→ **Exercise instructions**: Restate word for word the lines below from the one that has "HARFINGTON 1 Pair" through the one that has "Handmade Vintage Crochet", keeping both and dropping all pictures.

→ **Exercise materials**:
● ● ● ●

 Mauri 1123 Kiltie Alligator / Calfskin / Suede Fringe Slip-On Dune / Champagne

● ● ● ●

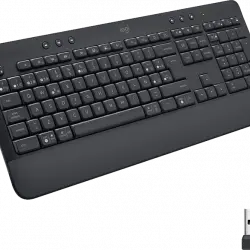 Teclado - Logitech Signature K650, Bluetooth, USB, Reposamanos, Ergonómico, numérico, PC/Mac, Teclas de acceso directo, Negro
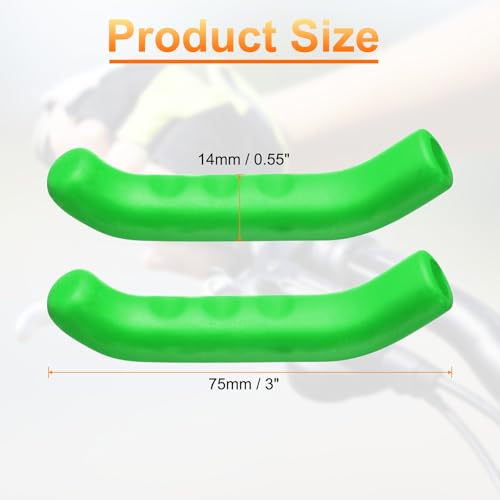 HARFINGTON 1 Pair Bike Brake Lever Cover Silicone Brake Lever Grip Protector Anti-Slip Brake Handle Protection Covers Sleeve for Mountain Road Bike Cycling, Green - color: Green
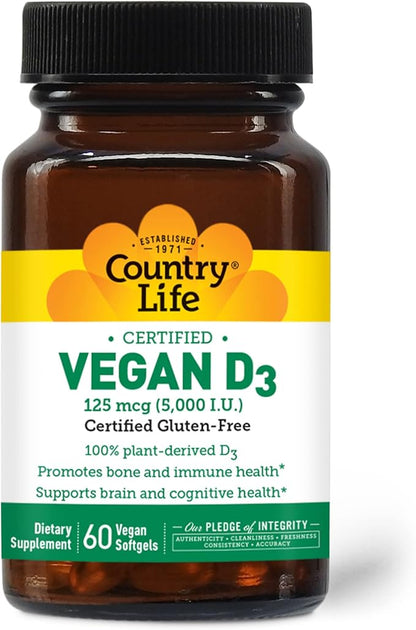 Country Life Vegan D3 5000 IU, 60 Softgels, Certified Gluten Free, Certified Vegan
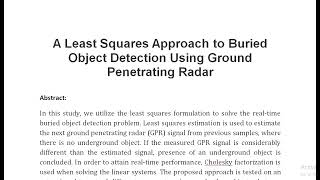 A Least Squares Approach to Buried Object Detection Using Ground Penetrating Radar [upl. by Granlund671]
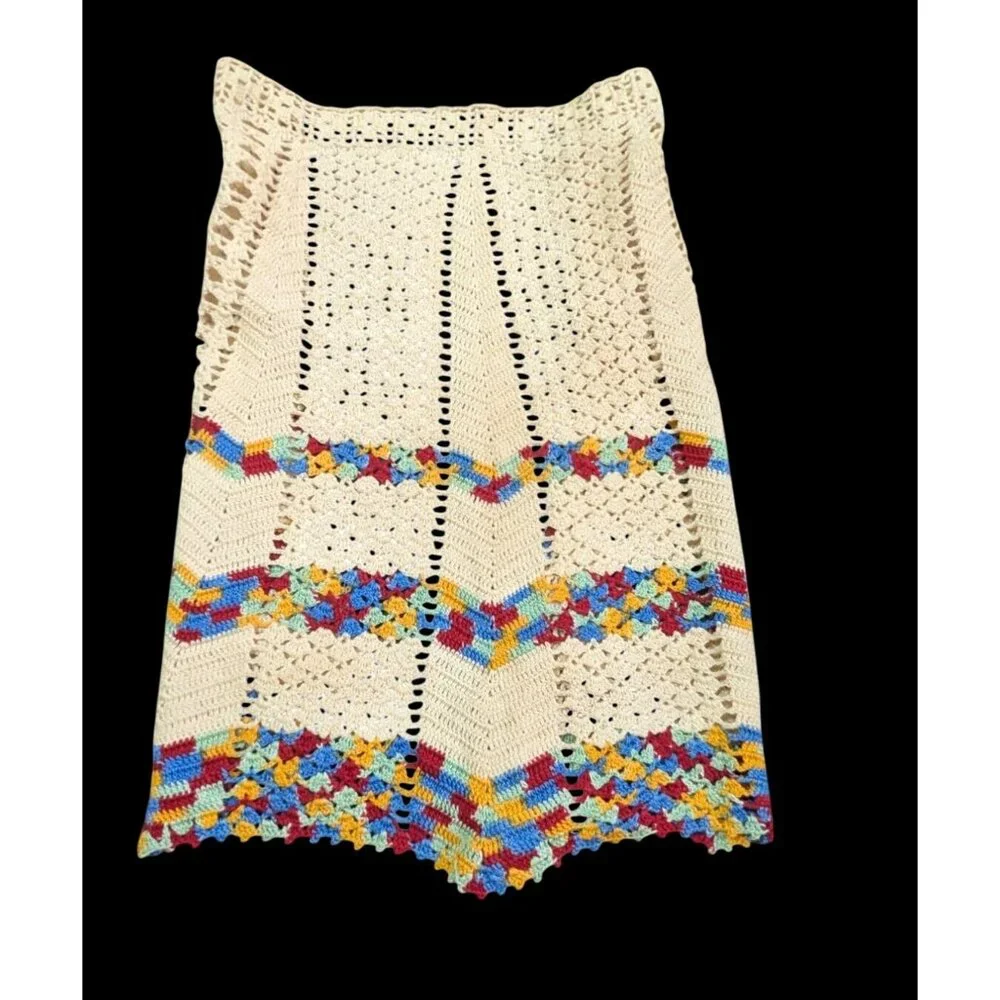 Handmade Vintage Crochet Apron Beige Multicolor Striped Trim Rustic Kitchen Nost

● ● ● ●

→ **Solution for this problem**:
 HARFINGTON 1 Pair Bike Brake Lever Cover Silicone Brake Lever Grip Protector Anti-Slip Brake Handle Protection Covers Sleeve for Mountain Road Bike Cycling, Green - color: Green
 Country Life Vegan D3 5000 IU, 60 Softgels, Certified Gluten Free, Certified Vegan
 A Least Squares Approach to Buried Object Detection Using Ground Penetrating Radar [upl. by Granlund671]
 Handmade Vintage Crochet Apron Beige Multicolor Striped Trim Rustic Kitchen Nost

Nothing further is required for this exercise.